The spin-off’s business has expanded worldwide. The Middle East last year generated 18% of its revenue, primarily to support oil and gas clients as prices inch back up.

The firm’s most well-known project in the region involves the Nimr oil field in Oman, Alexandersen notes; there, for every barrel of oil extracted, 10 barrels of oil contaminated water is produced. Bauer designed, built and financed a 360-hectare engineered wetland oasis - now one of the world’s largest natural filtration projects – to treat the produced water. Microorganisms and algae reduce contamination to 0.5 ppm from 300 ppm—almost non-detectable, he says.

Until 2031, Bauer will operate the site, which processes 115,000 cu meters of brackish water a day. The German firm has teamed with U.S. metals giant Alcoa to design and construct similar natural water treatment technology facilities in Texas and Pennsylvania. The company’s Americas work, which also involves supply of brewery technologies in that sector, generated 7% of last year’s revenue.

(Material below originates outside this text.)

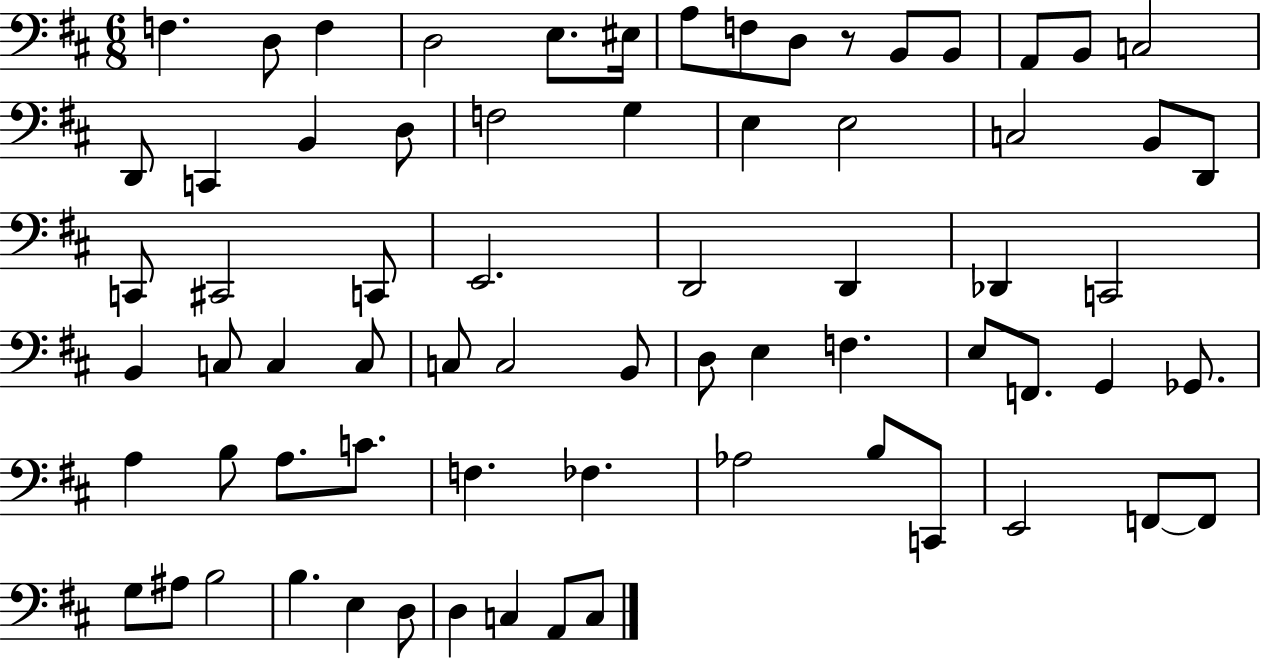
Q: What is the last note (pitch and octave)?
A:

In Africa, which accounted for about 5% of revenue, Bauer has built solar-based defluoridation plants in Ghana to reduce naturally occurring fluoride in drinking water.

With global uncertainty, the company’s backlog fell 6% in 2016 and its parent’s stock price dropped 33% by year-end, according to its annual report. But the environmental unit sees an increased need for soil and groundwater remediation in Europe and potential to grow its small footprint in Asia.